My Take: New York's schools should observe Muslim holidays

Editor's note: Imam Khalid Latif is a chaplain for New York University and Executive Director of the school's Islamic Center.

By Khalid Latif, Special to CNN

I was recently eating dinner at a restaurant with a friend near Times Square when it became time for me to pray. Muslims pray five times a day and this particular prayer, called Maghrib, is performed at sunset.

Having lived in New York City for decades, I’ve become comfortable praying pretty much anywhere. It also doesn’t hurt that there are stranger things happening on the streets here than a young guy bowing and kneeling for a few minutes.

After I started to pray, a tour bus parked in front of me and a large group of people proceeded to spill out.

While I continued, a woman from the group came closer to where I was praying. She removed a scarf from her neck, placed it on the ground so that I would be praying on something clean, then walked away before I finished.

A truly amazing woman whose name I don’t even know. But if I had not felt comfortable being myself and praying on the street, I would never have had the opportunity to learn from her.

A child at a recent rally for Muslim holidays to be observed by New York city schools.

It’s not easy fitting in. Whether you’re 15 years old or 55, most of us have to compartmentalize our identity in order to feel accepted. We let go of things that we hold dear in hopes that we can just belong and in doing so we assume the worst of the people around us. We think that they wouldn’t be able to understand and accept us for who we are.

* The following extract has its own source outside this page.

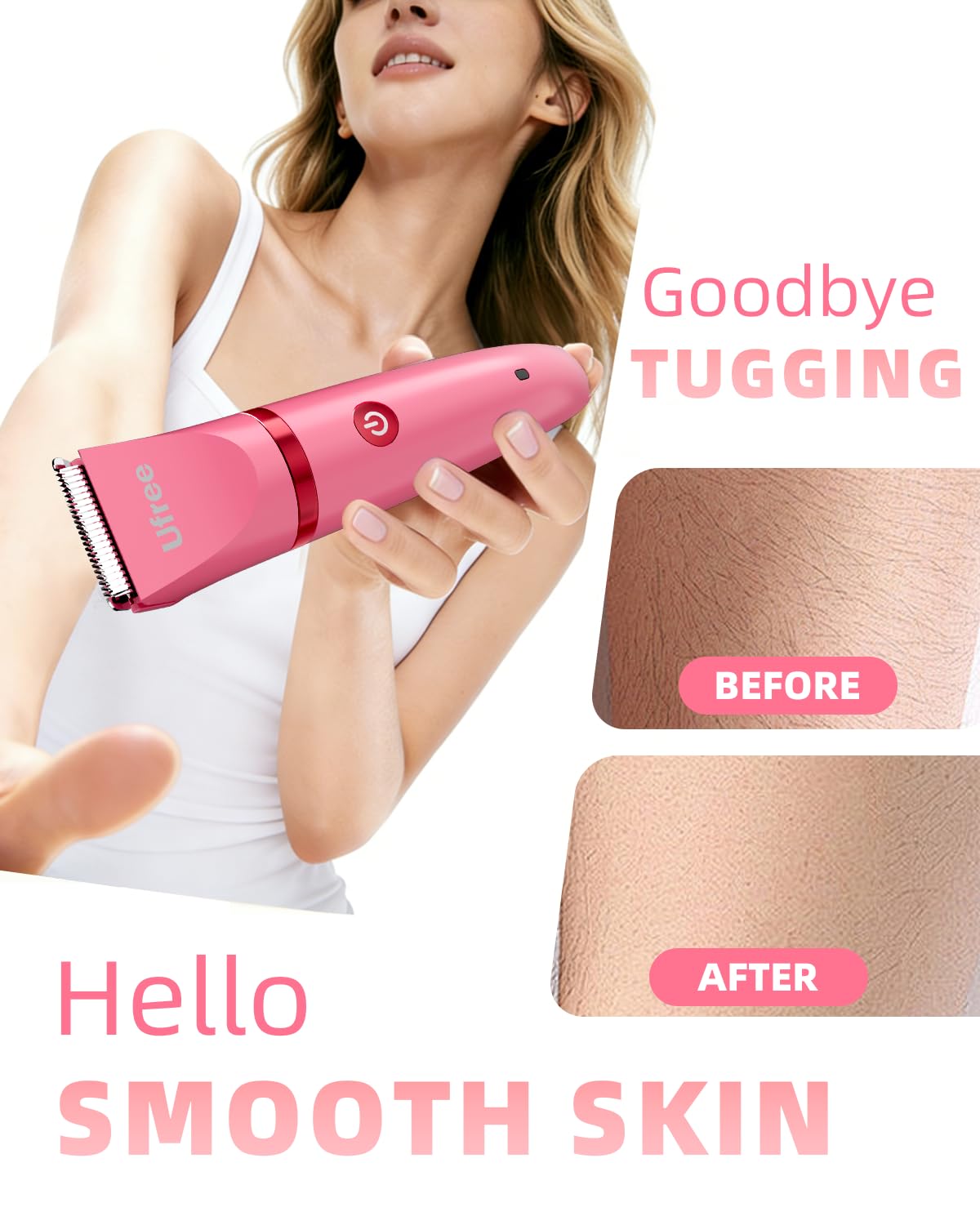 Ufree Bikini Trimmer Electric Razors for Women, Ceramic Blade Body Hair Trimmer, IPX7 Waterproof Rechargeable Lady Shaver, Personal Groomer for Legs & Pubic Hair, Gifts for Women, Rose Red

A year ago this week, more than 80 faith-based, civil rights, community and labor organizations came together under the title Coalition for Muslim School Holidays. Our purpose was to encourage New York City to give permanent recognition to its Muslim community by adding two holidays observed by Muslims to the public school calendar: Eid ul-Fitr, which celebrates the end of Ramadan, the sacred month of fasting and Eid Ul-Adha, which celebrates the end of the Hajj, the yearly pilgrimage to Mecca.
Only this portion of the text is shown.